Nik Krasno | 19850 comments As they have "non-GMO" labeling on food, should "not AI written" label become an industry standard for books? What do you think?


message 2: by Ian (new)

Ian Miller | 1857 comments Will an AI tell the truth, that is the question? Which raises another question - if AI really wanted to get rid of us, would simply misleading us and encouraging something stupid be more productive than terminator types?

Hmm, maybe there's a story hidden in here. But could an AI write it?


message 3: by Nik (new)

Nik Krasno | 19850 comments I rather suspect authors might be tempted to toy with AI, presenting the changed results as their work. Cheating or not?
A friend of mine demonstrated me how a chapter in my book 📖 would look using AI. That was pretty impressive, although didn’t excite me as an idea. Took him less than a minute to produce something I write and rewrite for hours. Some would opt for a shortcut - why bother if you can come up with something almost instantaneously.
Remember that lawyer in New York that was caught citing non-existent precedents, which AI brought up (interesting to find out whether it lied deliberately 🧐)?

Imagine, me as a moderator instead of writing a few lines on a theme to open a thread, delegating the same to AI ?
Distinction btw AI written and human written can become important, for some maybe valuable either way,


message 4: by Ian (new)

Ian Miller | 1857 comments The question of why bother depends on what the writing looks like. The only examples I have seen look a little "machine-written", but they might not have been good examples.
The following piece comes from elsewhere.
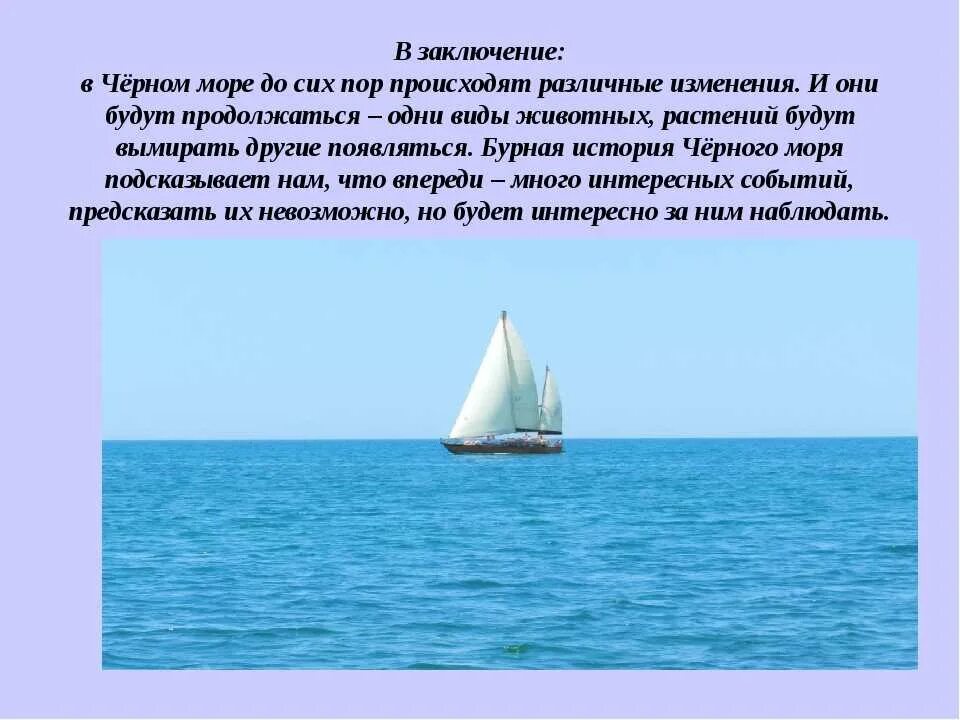Рассказ о черном море. Рассказ о красотетморя. Рассказ о красоте моря. Черное море доклад.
message 5: by Philip (new)

Philip (phenweb) I have tried out as an experiment the AI driven narration systems available. Not straightforward although the choice of voices is extensive. Still have issues on pronunciation and expression which have to be edited in with code on text.
Each line or viewpoint/dialogue need separating to show voice change.
A human narrator may have pronunciation issues but once in character they can move quickly.

Have also used AI run grammar checkers which show faster and I presume easier (for AI programming) results. They still try sometime to alter phrasing and context rather than get a comma in the correct place. Again dialogue catches them out trying to correct, slang and abbreviations.
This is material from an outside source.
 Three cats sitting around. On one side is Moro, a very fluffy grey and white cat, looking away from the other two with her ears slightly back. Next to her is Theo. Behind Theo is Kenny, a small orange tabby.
The offers of a new paragraph or even chapter I have declined. The AI work frequently fails to match tone or context. Perhaps I need to upload a larger sample.

I think some types of editor need to be concerned about future work and also narrators. Writers too, but I fear bland sameness, then again some genres match that already.


message 6: by Nik (new)

Nik Krasno | 19850 comments Ian wrote: "The question of why bother depends on what the writing looks like. The only examples I have seen look a little "machine-written", but they might not have been good examples."

It was non-fiction, which is more compatible with machine voice, and came out pretty good


message 7: by Nik (new)

Nik Krasno | 19850 comments Philip wrote: "I have tried out as an experiment the AI driven narration systems available. Not straightforward although the choice of voices is extensive. Still have issues on pronunciation and expression which ..."

Interesting experiments, thanks for sharing. I bet there will be many in not that distant future that would take an easier route - will task the machine and do small rewrites for "originality", which is still required to have a copyright


message 8: by Scout (new)

Scout (goodreadscomscout) | 8071 comments I'm not looking forward to the time when I have to question everything I read and see digitally.


message 9: by Nik (last edited Sep 25, 2023 09:29PM) (new)

Nik Krasno | 19850 comments What have I told you? Just saw it in another group: https://www.goodreads.com/topic/show/...?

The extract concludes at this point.